Outward Bound has been hosting adventure-based wilderness courses for 50 years and welcomes students from all over the world. The program has grown to incorporate Outward Bound schools in 30 different countries and participants include adolescents, adults, professionals, scouts and families. It’s hard to believe that for several years after its inception, Outward Bound courses were closed to female participants. That’s why we salute Jean Sanford Replinger who pioneered the OB experience for women. Replinger says that she realized that “in our lifetime, as women, we would have a lot of emotional challenges and the Outward Bound experience would instill confidence.”

 

This inspiring article proves that, with tenacity and enthusiasm, anyone is capable of accomplishing their goals. Just ask Sue Austin who recently began scuba diving despite having a disability which necessitates the use of a wheelchair. She performed the dive with the help a new technology called Pegasus Thruster, which aids in a diver’s mobility while underwater. Austin talks of her disability saying, “There is a dichotomy in understanding: Many people understand this word to mean broken, deficient or limited in some way. But for those ‘in the know’ ‘disability’ celebrates the strengths and power that is built up in and through ‘difference’”. Agreed!

 

Just as mangroves can be found in many regions of the world with a lot of coastline, these trees are also abundant in Costa Rica.

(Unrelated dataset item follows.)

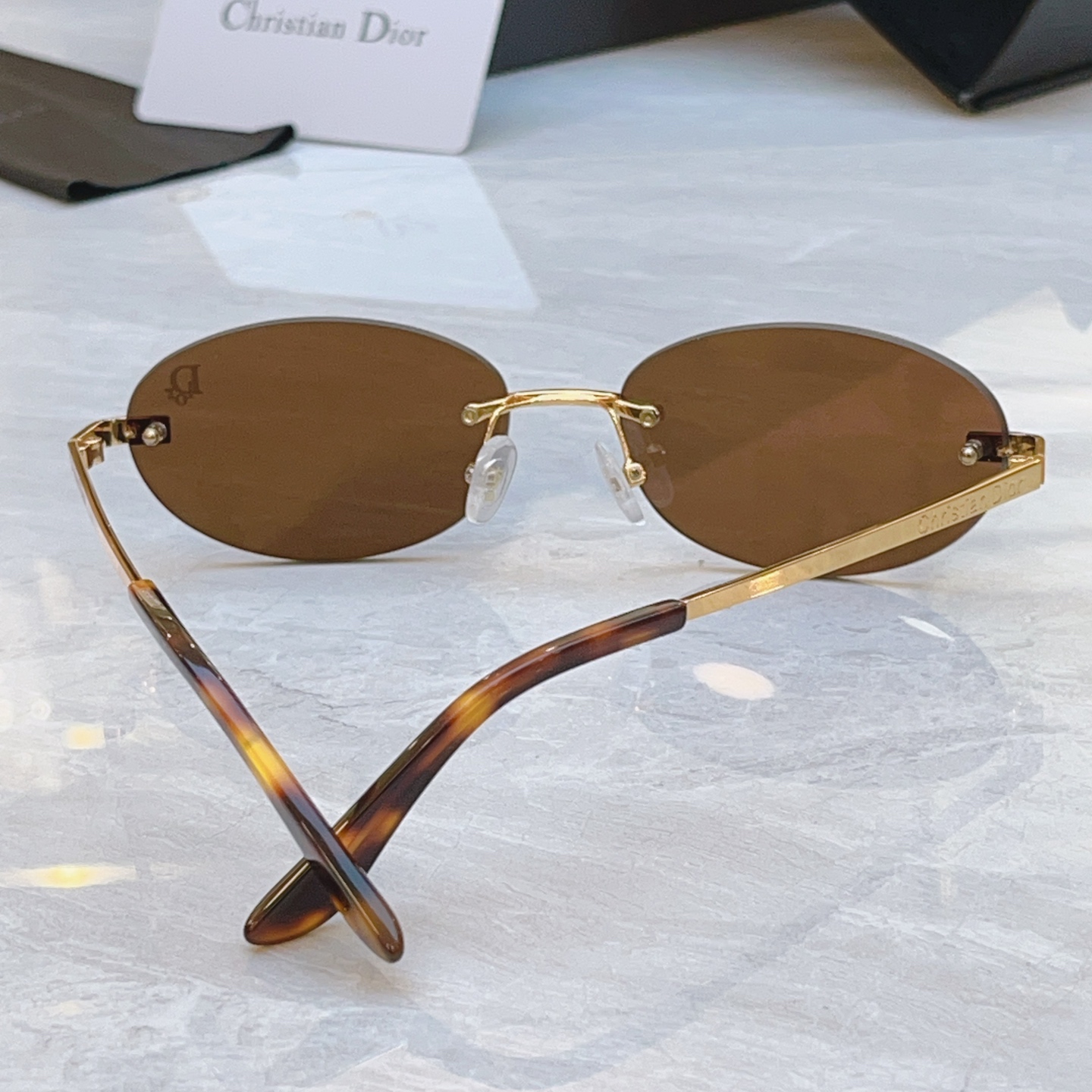 ，【DIO* 】迪*奥新款太阳镜，MODEL：DIORCAT29GNM，SIZE：58口17-143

Mangroves are important for a number of reasons, not the least of which being their ability to sustain an entire ecosystem. That’s right! By virtue of being neither completely on land nor entirely submerged in the ocean, mangroves have become home to marine life and provide food to animals living on land. It’s recently come to our attention that mangroves are being sacrificed in favor of the creation of shrimp farms. Shrimp farms, which are man-made  are constructed in the same areas mangroves would typically occupy.